Donald Trump’s RNC Speech Promised "Law and Order" — Here’s What He Actually Means
On Thursday night at the Republican National Convention, Donald Trump bet on fear. In a speech where he accepted the GOP presidential nomination, the reality TV star and businessman painted a terrifying picture of America — one where crime runs rampant, immigrants are flooding our borders to kill us and the next terrorist attack lurks perpetually around the corner.
"In this race for the White House, I am the Law and Order candidate," he said, framing himself — a virulent racist with an alleged $60,000 weave on his head — as the cure for America's social ills. But in light of Trump's vision, it's worth remembering the last time a Republican presidential candidate made such a claim — and how badly it worked out for the rest of us.

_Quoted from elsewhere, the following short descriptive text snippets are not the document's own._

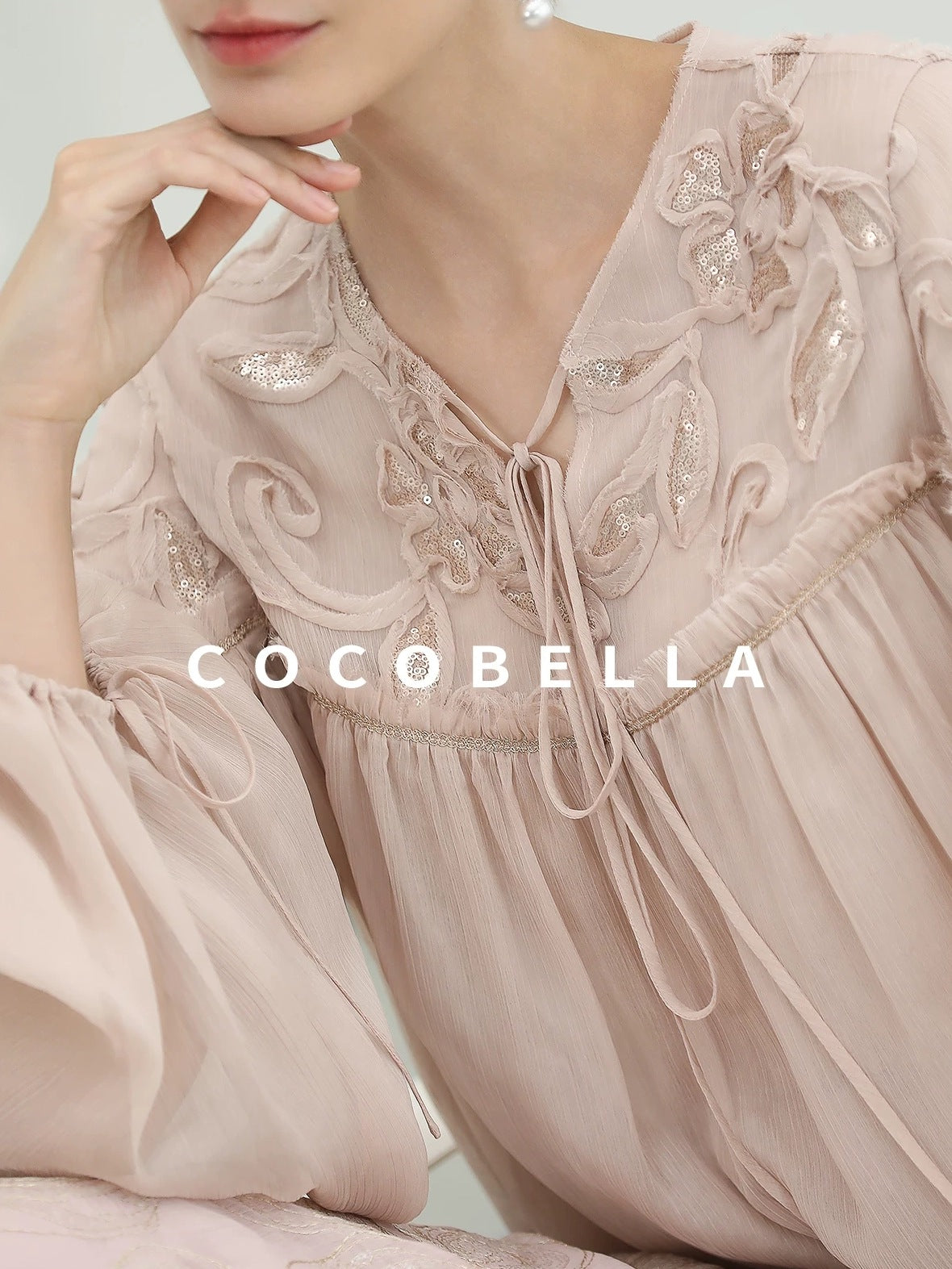COCOBELLA Embroidered Sequin Tie Neck French Straight Lantern Sleeve Pleated Women Shirts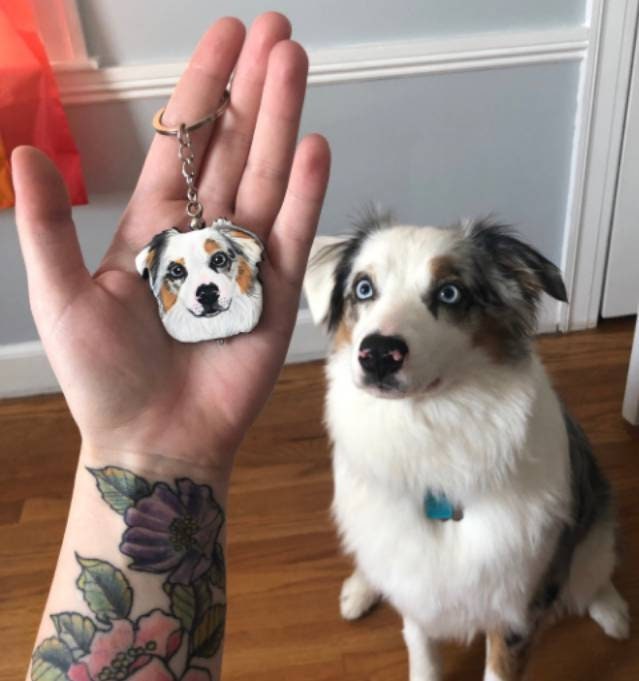 オリジナル似顔絵ペットキーチェーン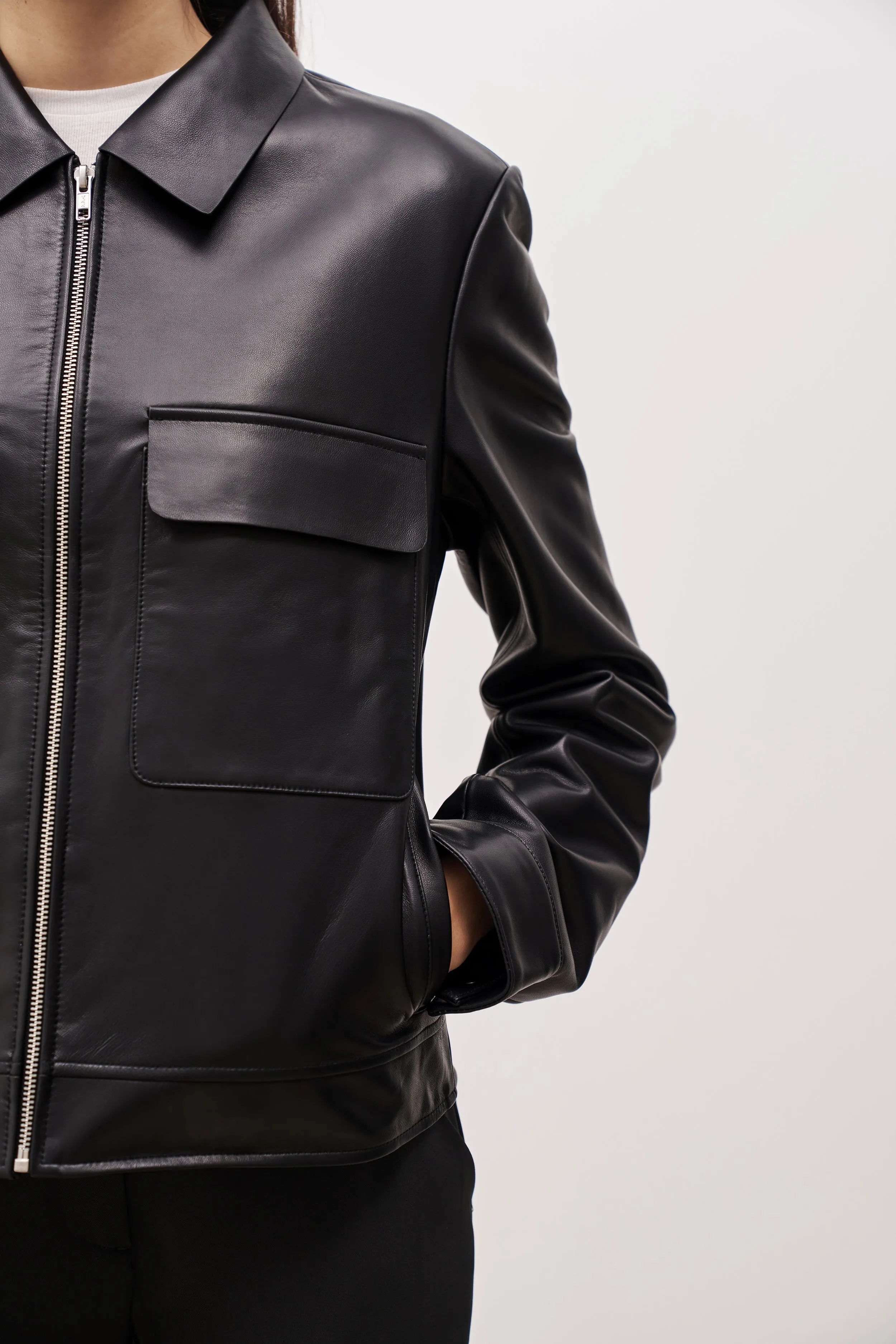 Masculine Real Leather Jacket - Black sold by Because of Alice product image thumbnail 5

"For a few moments, let us look at America," Richard M. Nixon said in 1968. It was the Republican National Convention in Miami Beach, Florida. The former vice president, eight years removed from a general election defeat at the hands of John F. Kennedy, was accepting the GOP's presidential nomination for the second time.
This time he'd win, in part because he'd tap into the fears wracking so many Americans' minds.

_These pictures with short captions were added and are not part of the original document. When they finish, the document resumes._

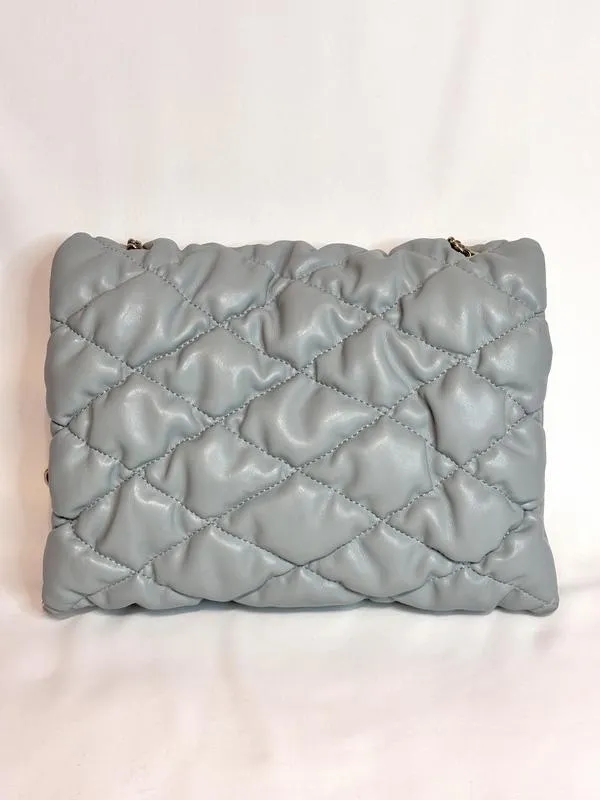Zara Quilted Chain-Shoulder Bag - Light Gray - Image 3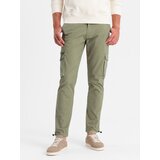 Ombre Men's STRAIGHT LEG cargo pants with triangle pocket pin - olive Cene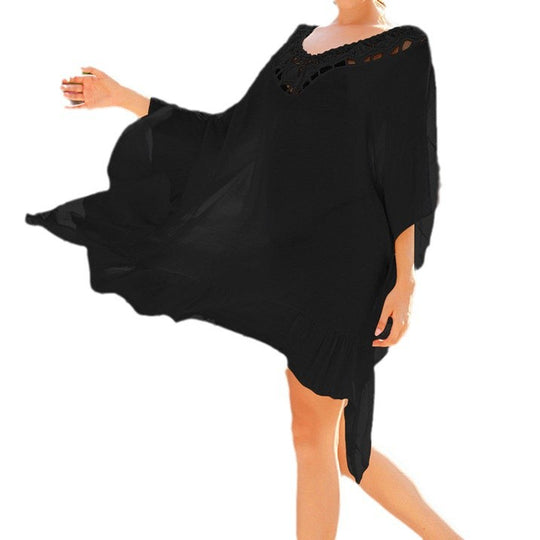 Damen Strandtunika mit elegantem Häkelbesatz und fließendem Schnitt EB
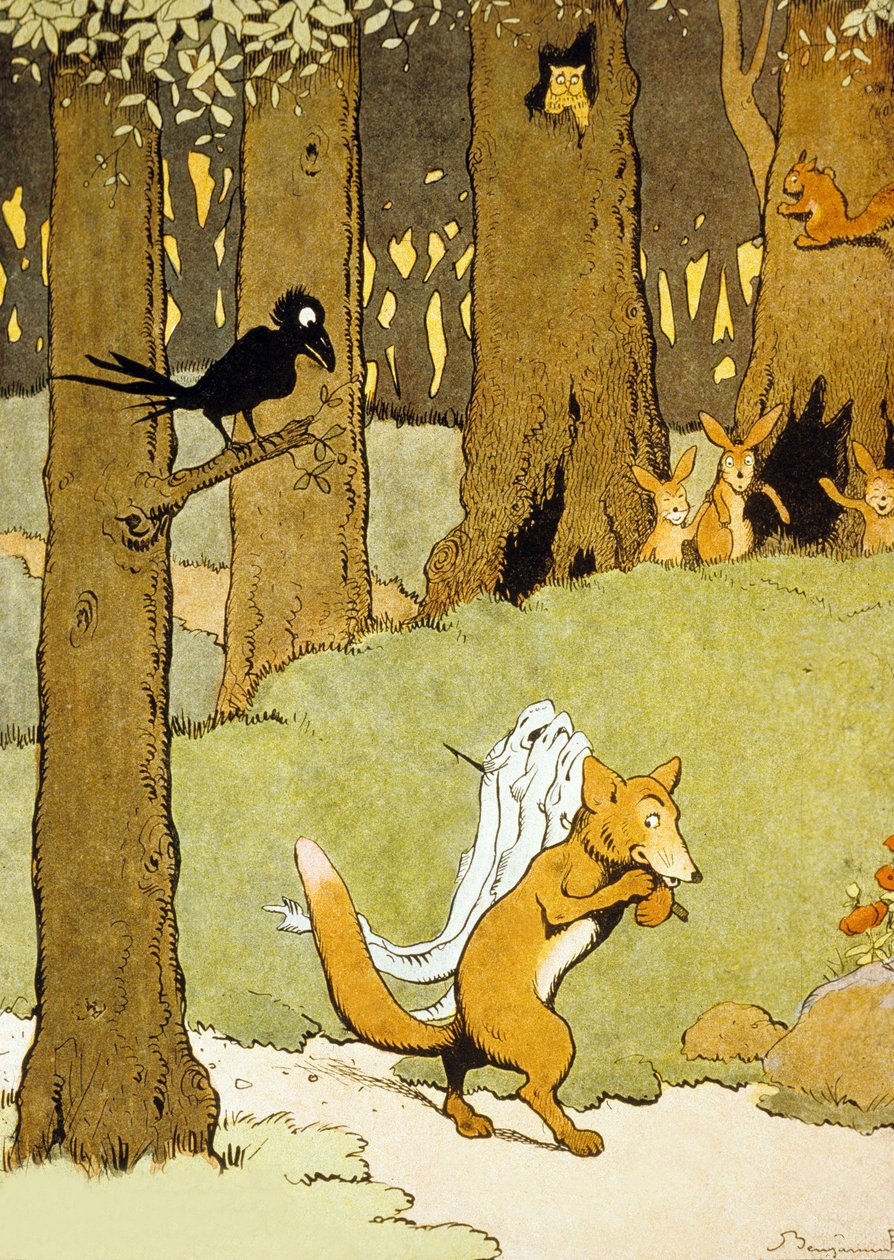 Renard ja ankeriaat, kuvitus teoksesta "Le Roman de Renard" tekijältä Benjamin Rabier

"As we look at America, we see cities enveloped in smoke and flame," Nixon said. "We hear sirens in the night. We see Americans dying on distant battlefields abroad. We see Americans hating each other; fighting each other; killing each other at home."

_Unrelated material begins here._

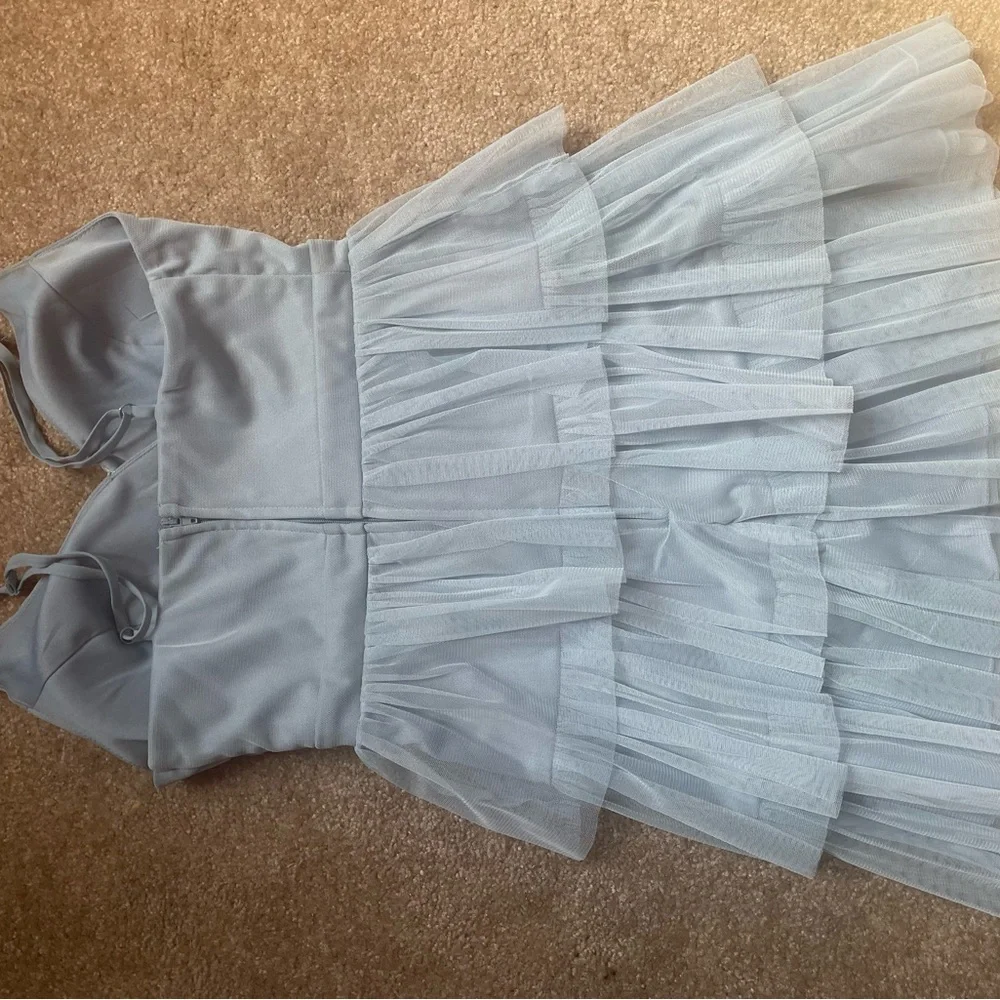 Blue Chiffon ruffle dress size 3 - Picture 2 of 5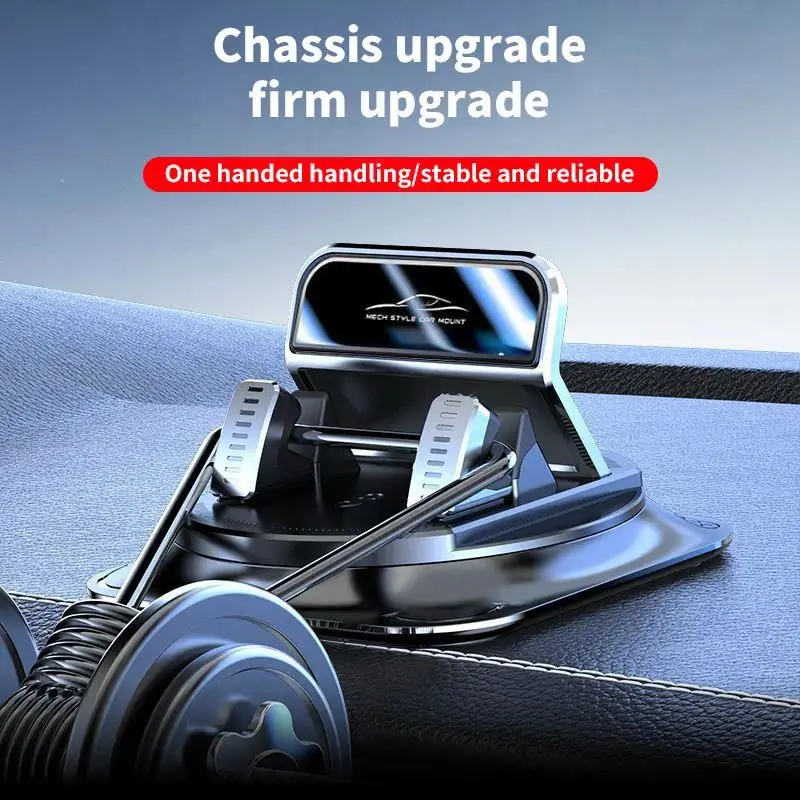 Car Phone Mount, Phone Holder for Car with 360-Degree Rotation, Non-Slip Suction Cup Fixing, Horizontal-Vertical Screen Adjustment, Suitable for Dashboard Navigation, iPhone & Android Devices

Nixon was employing what came to be known as the "Southern Strategy." He and his advisers had identified disaffected white Southern voters as a key to electoral dominance for the GOP during the 1960s. As a result, Nixon's rhetoric tapped into their fears and sympathies — which were often leveled against gains made by black people during the civil rights era.
"We see cities enveloped in smoke and flame." — Richard M. Nixon, 1967, speaking at the Republican National Convention in Miami Beach, Florida
"Segregationists began to worry that there was going to be no way to stem the tide of public opinion and opposition to the system of segregation," Michelle Alexander, author of The New Jim Crow, told Frontline, "so they began labeling people who are engaged in nonviolent civil disobedience and protests as criminals and as lawbreakers."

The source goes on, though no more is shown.